At present the Ruhr workmen are feeling decidedly unpatriotic. They believe that sooner or later negotiations will start, their steadily dwindling unemployment pay will stop, the mark will plunge down again, and that they will not be able to work full time, due to various sabotages and the general disorganization. None of them have any illusions that the government will be able to pay them unemployment pay indefinitely and they are demanding that the government start something.
Keep Troops From View.
The French seem to run the administration of the occupation admirably. The troops are kept out of sight as much as possible, and there is a minimum of interference with Germans going through from unoccupied to occupied Germany. They are all required to have red card passes, but the examination of these passes is purely perfunctory. A non-com. sees the red card, says, “bon,” and the line of Germans passes through the barrier.
They ran the military end smoothly, but are only able to move six trains of the one hundred and thirty-three from Essen each day.

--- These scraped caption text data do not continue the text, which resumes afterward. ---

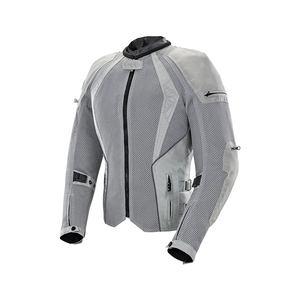 Chaqueta transpirable Impermeable Traje de moto Montar Traje de moto resistente al desgaste a prueba de viento - Product Image 5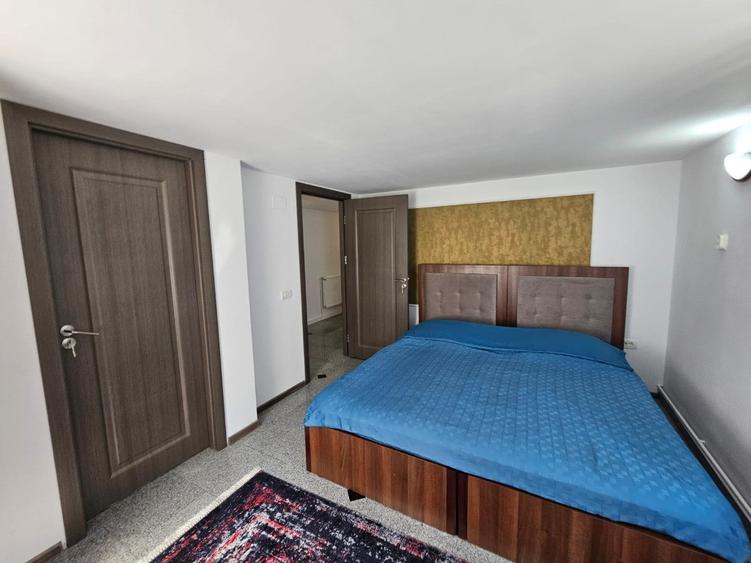 Vila Exclusivista Vetel,valea Caoiului - 10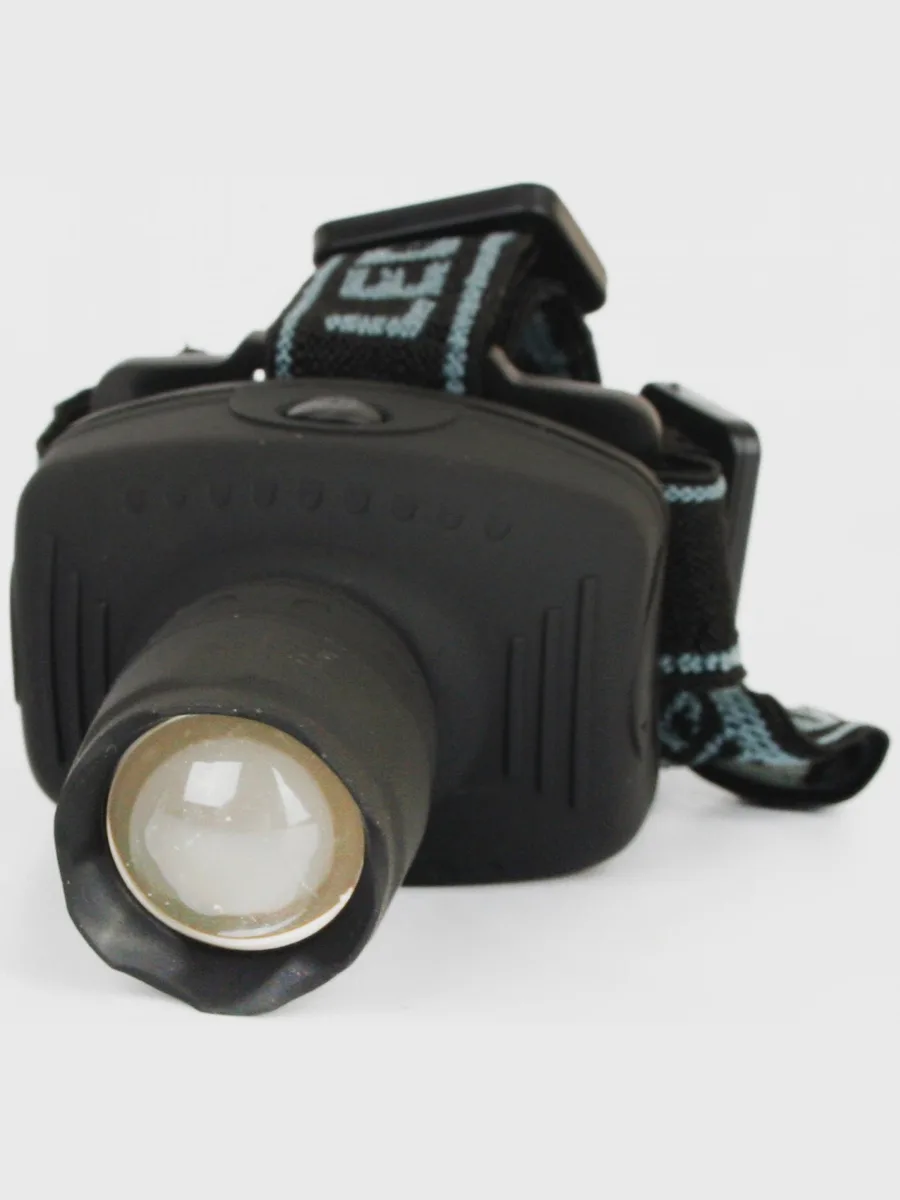 Фонарь Ultraflash LED5354 — фото 9 из 11
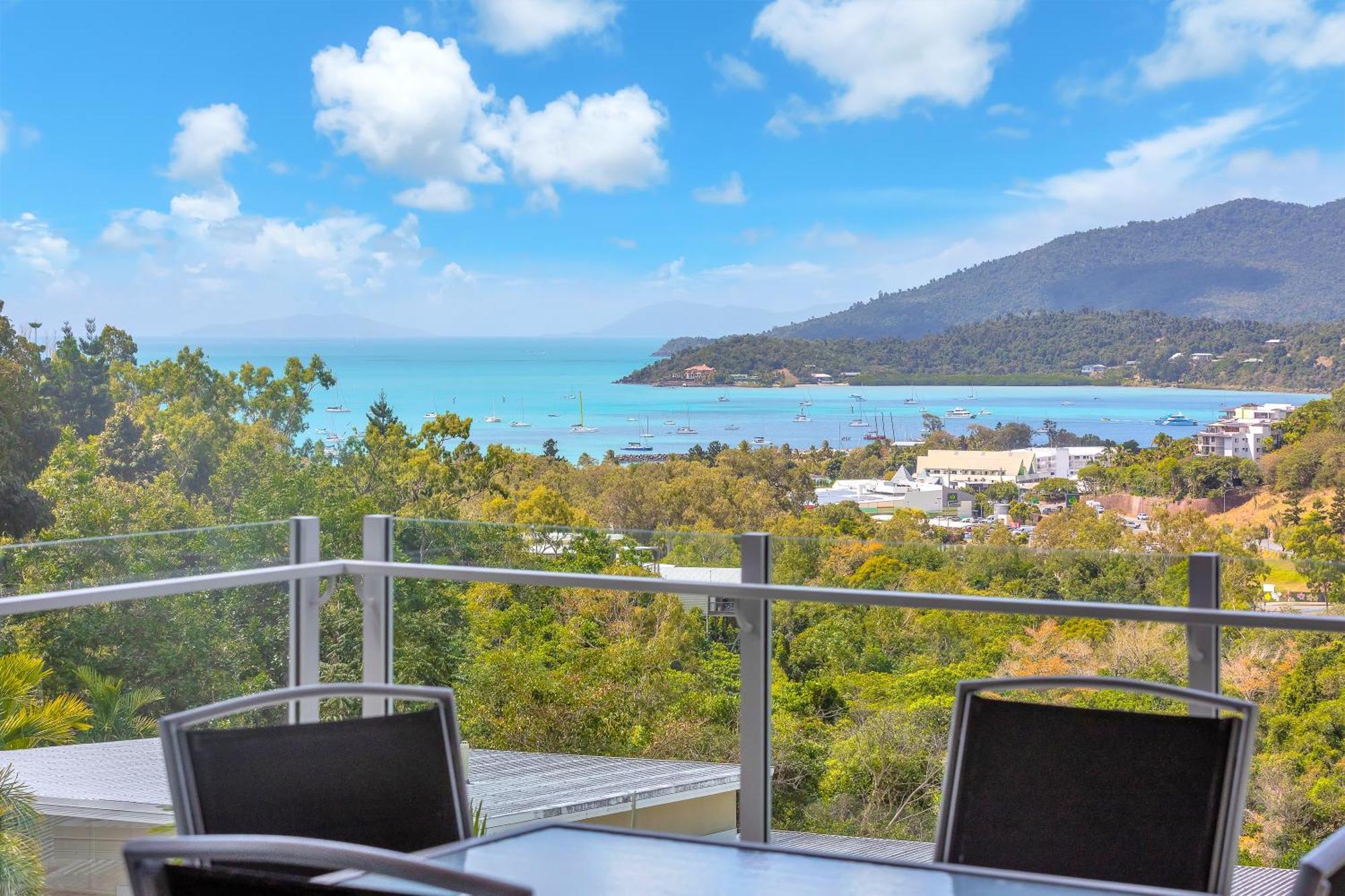 30 Airlie Beach Bliss At The Summit Exterior foto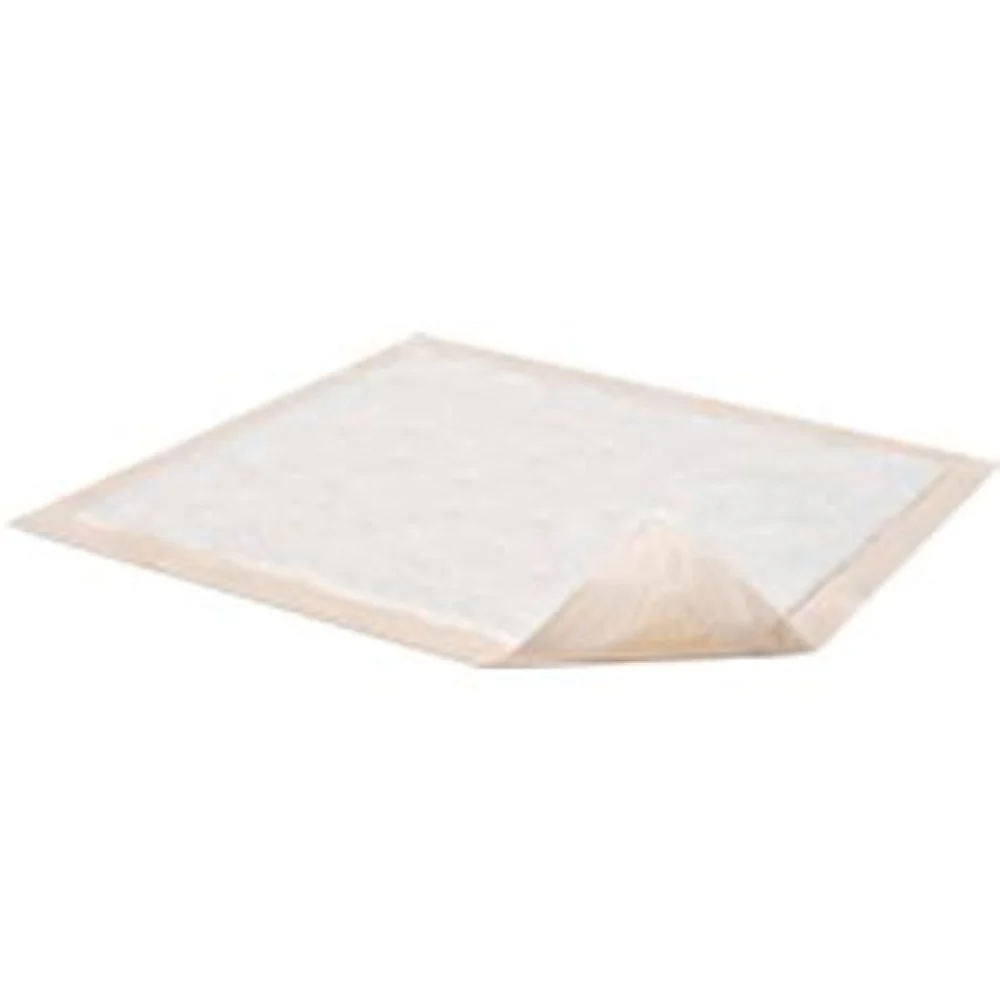 Attends Dri-Sorb Advanced Disposable Heavy Absorbency Underpads, Multiple Sizes - Image 2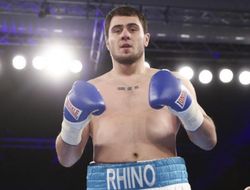 фото - Супертяжёлая Британия: Аллен не заметил Небо, Хантер вырвал победу у Макабу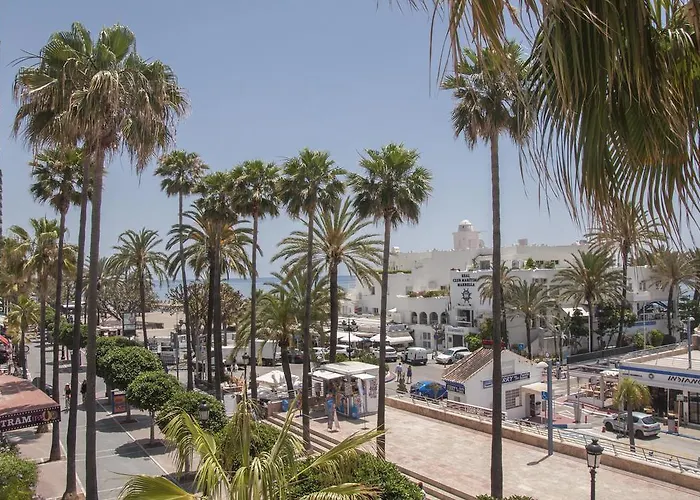 Luxury Views Marbella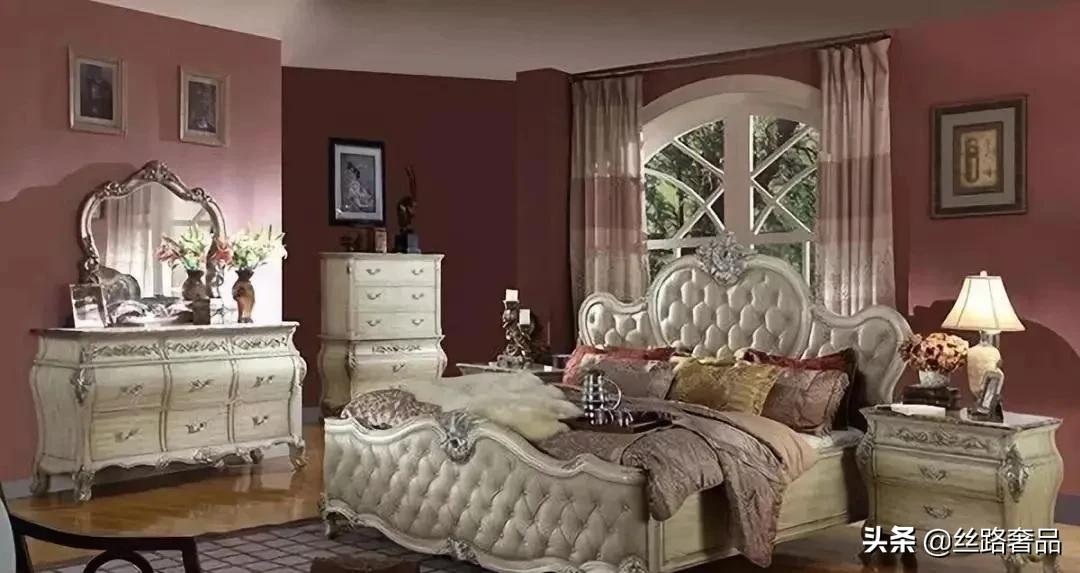 欧式家具为什么不流行了,欧式家具至今已流行多少年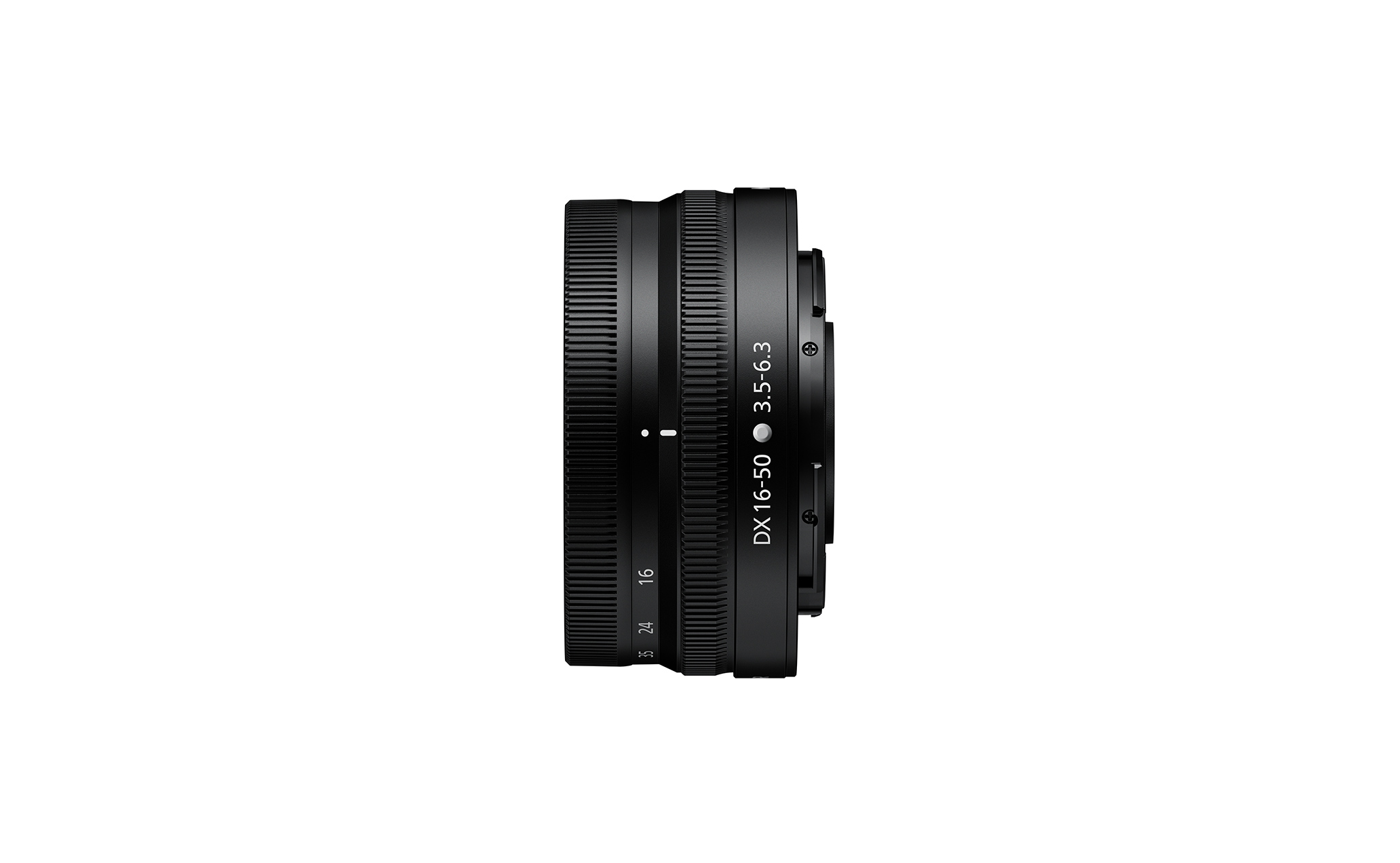 NIKKOR Z DX 16-50mm f/3.5-6.3 VR | Z mount Lenses | Nikon Consumer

In three months of occupation France has obtained the same amount of coal she had been getting each week from Germany for nothing before the Ruhr seizure.
M. Loucheur, the millionaire ex-minister of the devastated regions under Briand, went to London and felt out public opinion on his own hook, although he told Poincare he was going, and reported to him on his return. Poincare was reported furious at Loucheur’s trip, which he regarded as a first step in a Loucheur drive for the premiership when the Chamber of Deputies again sits in May. Loucheur suffers in France from being called the French Winston Churchill, and has a record for brilliant performance and brilliant failure. His very sound credentials for the premiership will be that he has always opposed the Ruhr venture.
Briand’s Ambition.
Aristide Briand is now working on a speech that he hopes will return him to power. He is planning to attack Poincare by stating the number of millions Briand got out of the Germans in reparations while he was prime minister and compare them with the money Poincare has lost since he came into office.
The Caillaux Liberal camp have started a new paper in Paris. Leon Daudet, the Royalist, says the first thing he will ask the chamber when it reopens is why M. Loucheur was permitted to go to England as an alleged representative of the government against the wishes of the government, etc.
Andre Tardieu has announced an attack on the Ruhr policy as it has been carried out. Things are beginning to boil.
The end of the Ruhr venture looks very near. It has weakened Germany, and so has pleased M. Daudet and M. Poincare. It has stirred up new hates and revived old hates. It has caused many people to suffer. But has it strengthened France?